Taste: The acidity is pleasant and quite noticeable while complimented nicely by the green apple notes that were picked up on the nose. Slightly sweeter than the Powerhouse, but still definitely on the drier side. Bold earthiness of hay and cut grass with big lemony and grapefruit notes and a green apple finish.
Overall: Again, this is another high quality cider with a clean fermentation and a brilliant clarity. Apart from the quality of the cider itself, I found the standout to be the acidity. Crisp with a pleasant earthiness and juicy green apple finish. Typically I enjoy a blend of apples in my cider as rarely does one apple contain all the right elements for a perfect cider. However, The Gravestien is one of those rare apples that really lends itself to a single variety.
Bramble Berry Dry Cider
From the website: “Bull Run Cider’s Bramble Berry is made with a selection of summer ripening apples, infused with a blend of locally grown Marion, Black and Boysenberries. The result is a cider rich in color and full of berry flavor and aroma. This fusion of apple and berry flavors offers a taste of some of the finest fruit Oregon has to offer. From our grove to your glass; please enjoy responsibly, well chilled, and in good company.”

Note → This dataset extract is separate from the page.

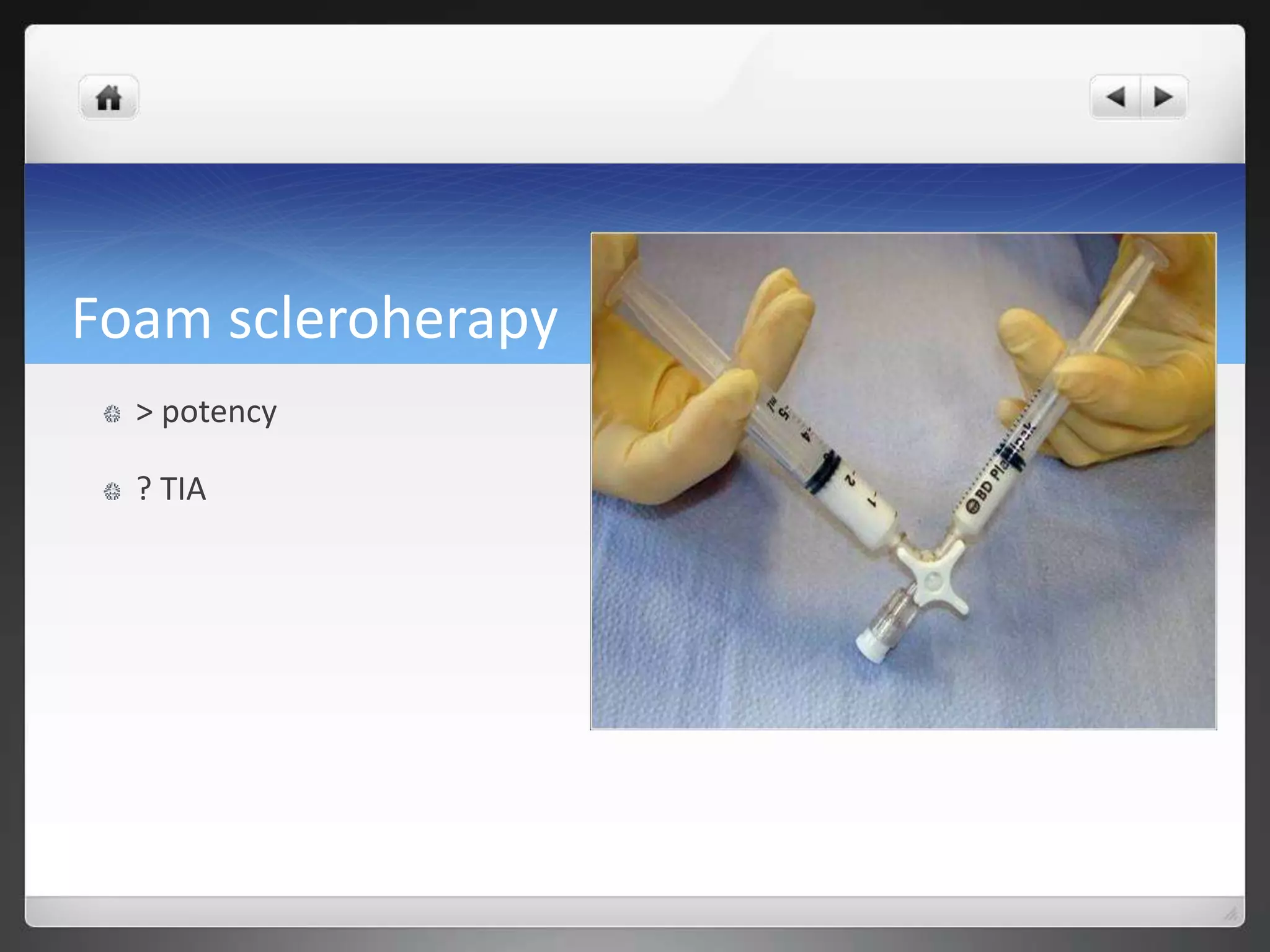 Foam scleroherapy
> potency
? TIA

Aroma: Massive nose of concentrated berry; raspberry, strawberry and blackberry being the most prominent with a slight cirtus burst. The aroma is rich and concentrated and reminds me of my grandmother’s homemade jam. It’s a bouquet that is both inviting and luxurious.
Taste: A lot dryer than the aroma would suggest – I had expected from the nose that it was going to be sweet and rich in flavour, however it’s dry and with very muted character. There a very prominent lemony acidity with a green apple finish. The mouthfeel is a little thin.
Overall: The nose is deceptively sweet smelling and big on berry aromas (as I would hope), however it tastes dry and that’s perfectly fine by me for most of the ciders I drink. In this one occasion, I feel a bit of sweetness would have really balanced the taste with the armoa.
Final Thoughts on Bull Run
I’m extremely impressed with the quality of Bull Run’s Cider. They are all clean fermented and well crafted, with a distinct personality that show’s that these guys really know what they are doing in the Ciderhouse. Generally I found the ciders to be bold in flavour and crafted with much care and consideration. If you like your ciders on the dry side – as I prefer as well – then expect to be happy. The folks at Bull Run aren’t shy about letting the yeast do most of the work. Which is just they way I like them. On a side note, I’m guessing from my comments on the ‘winey-ness’ of each cider that they are using a champagne yeast. I’d love to see them do a wild fermentation of their Powerhouse Dry in a oak barrel. Maybe I can ‘special order’ one? Christmas is ALWAYS just around the corner right?